BEGIN Records for processing

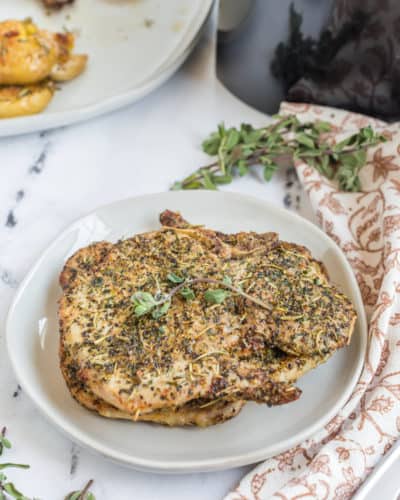 Is there anything better than a crispy, juicy pork chop? Now, you can make your favorite dish right at home with your air fryer! These frozen pork chops are easy to cook and taste delicious. Serve them with your favorite sides for a hearty meal. Air Fryer Frozen Pork Chops-I love a great air fryer pork chop dinner. Perfectly seasoned and air-fried up. Another day, and I totally forget to take the pork chops out of the freezer. Has this ever happened to you? Today, I’m going to know how to make the best Pork Chop Dinner from Air Fryer Frozen Pork Chops. These pork chops are perfectly seasoned and amazing, juicy and absolutely tender, and you would never think they came from frozen. Serve with an easy Instant Pot Spanish Rice Dish or Air Fryer Roasted Potatoes; you can have dinner (a full dinner) on the table within minutes. These will give you the best damn pork chops dinner. This will be one of the easiest air fryer recipes for the air fryer, making for a great and delicious batch of pork chops, with so much flavor! Ingredients Needed For Air Fryer Frozen Pork Chops If you're looking for an easy and healthy meal option, air fryer frozen pork chops are a good choice. In this post, we'll share the ingredients you'll need to make them. Plus, we'll give you some tips on how to cook them. This is an amazing recipe for busy weeknights! And you only need a handful of ingredients. Remember: The full recipe and ingredients are at the bottom of this post, in the printable recipe card. Pork Chops: Use either thin cut pork chops, boneless pork chops, bone-in pork chops, boneless chops, or thicker pork chops. Seasonings and Spices: Brown Sugar, Chili Powder, Smoked Paprika, Ground Cumin, Garlic Powder, Onion Powder, Thyme, Oregano, Ground Mustard, Salt, and Black Pepper. (This makes for a simple dry rub) Oil: Use olive oil, avocado oil, coconut oil, or grapeseed oil How To Cook Frozen Pork Chops In Air Fryer Step One: Place the frozen pork chops in a single layer, and set the temperature to 380 degrees F, cook for 5 to 8 minutes, or until the pork chops are defrosted. Step Two:: In a small bowl, add all of the dry rub ingredients, and then rub olive oil over the pork chops, and then rub the pork chops with the seasoning mix. Step Three: Return the seasoned pork chops to the air fryer basket, and cook for 12 to 16 minutes at 380 degrees F, remove the pork chops when the internal temperature reaches 145 degrees f when checked with an instant read thermometer. Step Four: Remove and let sit for 3-5 minutes, before serving. Tips For Cooking Frozen Pork Chops In The Air Fryer . If you're looking for a quick and easy way to cook frozen pork chops, the air fryer is the appliance for you. With just a few simple tips, you can have perfectly cooked pork chops in no time at all. Keep reading to learn how to make the most of your air fryer! More Flavor: Try marinating the frozen pork chops before cooking for added flavor. Crowding: Remember not to crowd the air fryer basket, as this can hinder even cooking They should be placed into the air fryer basket in a single layer, leaving space around the pork chops, which will help the frozen pork chops cook on all sides. Timing: Since all air fryers are different, and the thickness of the pork chop will affect the cooking time,t eh best way to determine if the frozen pork chops are done, is to use a meat thermometer to check the thickest part, of the pork steak, when the internal temperature reads 145 degrees f, you can safely remove the pork chop. What Kind of Pork Chops Can I Use? When it comes to pork chops, you have the option of using boneless or bone-in cuts. Boneless chops are easier to eat and cook evenly, but some argue that bone-in chops have more flavor. Thickness also plays a role in cooking time and how well the pork stays juicy. Generally, a thicker chop should be cooked with slower, indirect heat to ensure proper cooking without drying out the meat. You can use boneless pork chops, bone-in pork chops, thin pork chops, pork tenderloin, or pork loin, or any frozen chops will work! Whatever type or thickness you choose, make sure your pork is always cooked to an internal temperature of 145 degrees Fahrenheit for safety. Experiment with different combinations to find your perfect pork chop! How To Know When The Frozen Pork Chops Are Done Cooking When it comes to pork chops, you have the option of using boneless or bone-in cuts. Boneless chops are easier to eat and cook evenly, but some argue that bone-in chops have more flavor. Thickness also plays a role in cooking time and how well the pork stays juicy. Generally, a thicker chop should be cooked with slower, indirect heat to ensure proper cooking without drying out the meat. Whatever type or thickness you choose, make sure your pork is always cooked to an internal temperature of 145 degrees Fahrenheit for safety. Experiment with different combinations to find your perfect pork chop! To check the temperature of your pork chops, use a digital meat thermometer and insert it into the thickest part of the meat, avoiding any bones. As long as the internal temperature of the pork chops reads 145 degrees Fahrenheit or above, your pork chops are ready to be enjoyed! Another way to check for doneness is by pressing on the chop with a fork or tongs. It should feel firm, but still slightly springy. When in doubt, err on the side of caution and cook until the recommended internal temperature is reached. Undercooked pork can carry harmful bacteria and cause foodborne illness. Enjoy your perfectly cooked pork chops with some delicious sides, for an easy weeknight meal. Seasonings For Pork Chops There are many options for seasoning pork chops, including dry rubs and breading. For a dry rub, some popular seasonings to use are garlic powder, cumin, smoked paprika, and brown sugar. Using seasonings is a great way to make a simple low carb air fryer dinner! If you prefer breading your pork chops, try using a mixture of bread crumbs and grated Parmesan cheese for a delicious crust. Don't be afraid to experiment with different herbs and spices to find your perfect flavor combination. Regardless of which method you choose, always remember to generously season both sides of the meat before cooking. How To Store Leftover Pork Chops Once you have finished cooking and enjoying your delicious pork chops, it is important to properly store any leftovers. First, let the meat cool completely, to room temperature, before transferring it into an airtight container or plastic bag. Place the container in the refrigerator, where it will stay fresh for 3-4 days. How To Reheat Pork Chops In Air Fryer If you have any leftover pork chops, a great way to reheat them is by using your air fryer! 1. Preheat the air fryer to 375 degrees Fahrenheit, and spray your air fryer basket with cooking spray. 2. Place pork chops in the air fryer basket, making sure they aren't overlapping or stacked on top of each other. 3. Cook for 8-10 minutes, flipping the chops halfway through, until they reach an internal temperature of 145 degrees Fahrenheit. 4. Serve hot and enjoy! Optional: add a sprinkle of your favorite seasoning before cooking for added flavor. Best Sides For Pork Chops When it comes to choosing a side dish for your pork chops, broccoli, rice, and green beans are all great options. Broccoli pairs well with the savory flavor of pork chops and adds a pop of color to your plate. Rice is a versatile choice that can be prepared in many different ways, from simple white rice to flavorful Spanish or Cajun-style seasoning mixes. Green beans add a fresh and crunchy element to your meal. Whichever option you choose, these sides complement the juicy deliciousness of pork chops perfectly. Give them a try next time you cook up some pork chops for dinner!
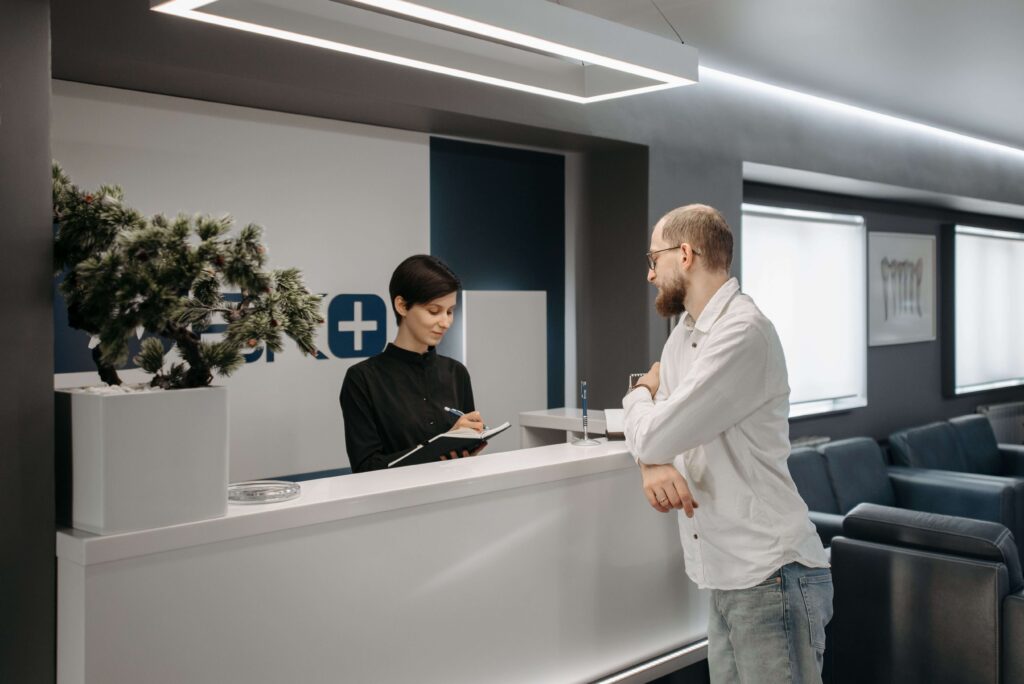 Patients seated in a modern medical office waiting room with comfortable seating, natural lighting, and a calm healthcare environment.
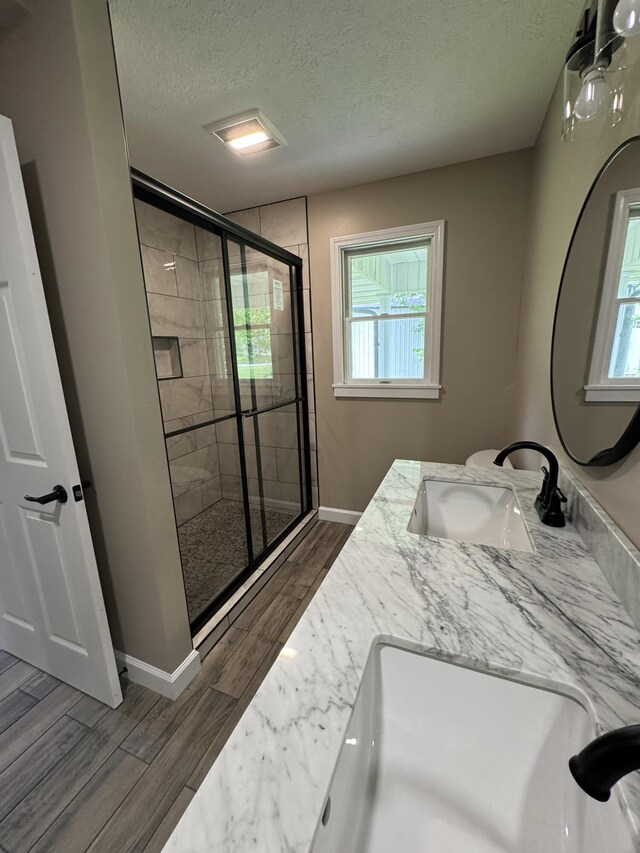 83 Gene Conner Rd, Russell Springs, KY 42642 - full bathroom with wood finished floors, a textured ceiling, a stall shower, baseboards, and double vanity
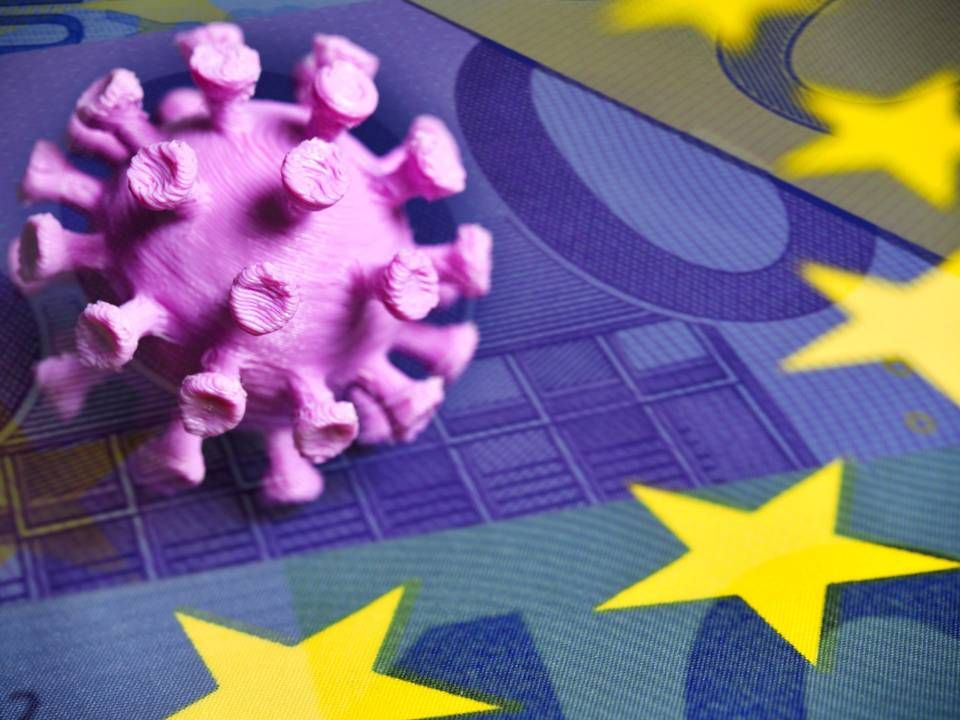 Coronavirus-Miniatur auf EU-Fahne mit Geldscheinen. | Foto: picture alliance/chromorange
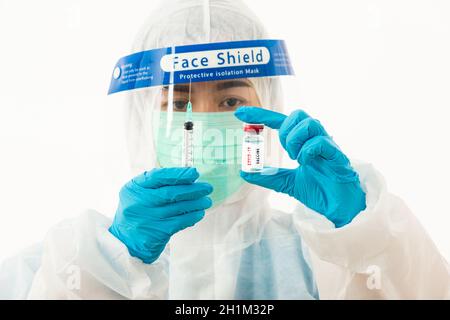 Frau medizinische Wissenschaftlerin in PSA Uniform trägt eine Gesichtsmaske Schutzschild aus Kunststoff für Impfstoff und Spritze Quarantäne Coronavirus o Stockfoto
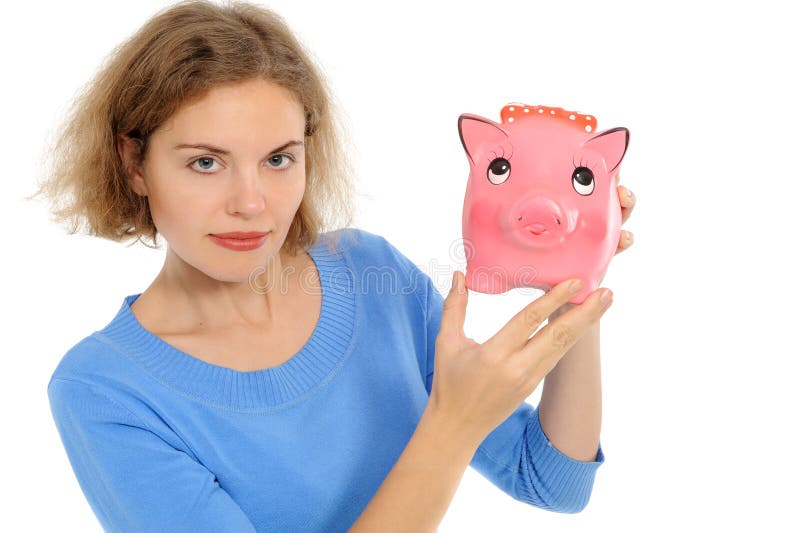 Mujer con un piggybank imágenes de archivo libres de regalías Mujer con un piggybank imágenes de archivo libres de regalías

END Records for processing

■ Problem to solve: Set down, exactly as written above, each line from the one with "Patients seated in" through the one with "Coronavirus-Miniatur auf EU-Fahne", and skip the pictures.

■ Solution to the exercise:
 Patients seated in a modern medical office waiting room with comfortable seating, natural lighting, and a calm healthcare environment.
 83 Gene Conner Rd, Russell Springs, KY 42642 - full bathroom with wood finished floors, a textured ceiling, a stall shower, baseboards, and double vanity
 Coronavirus-Miniatur auf EU-Fahne mit Geldscheinen. | Foto: picture alliance/chromorange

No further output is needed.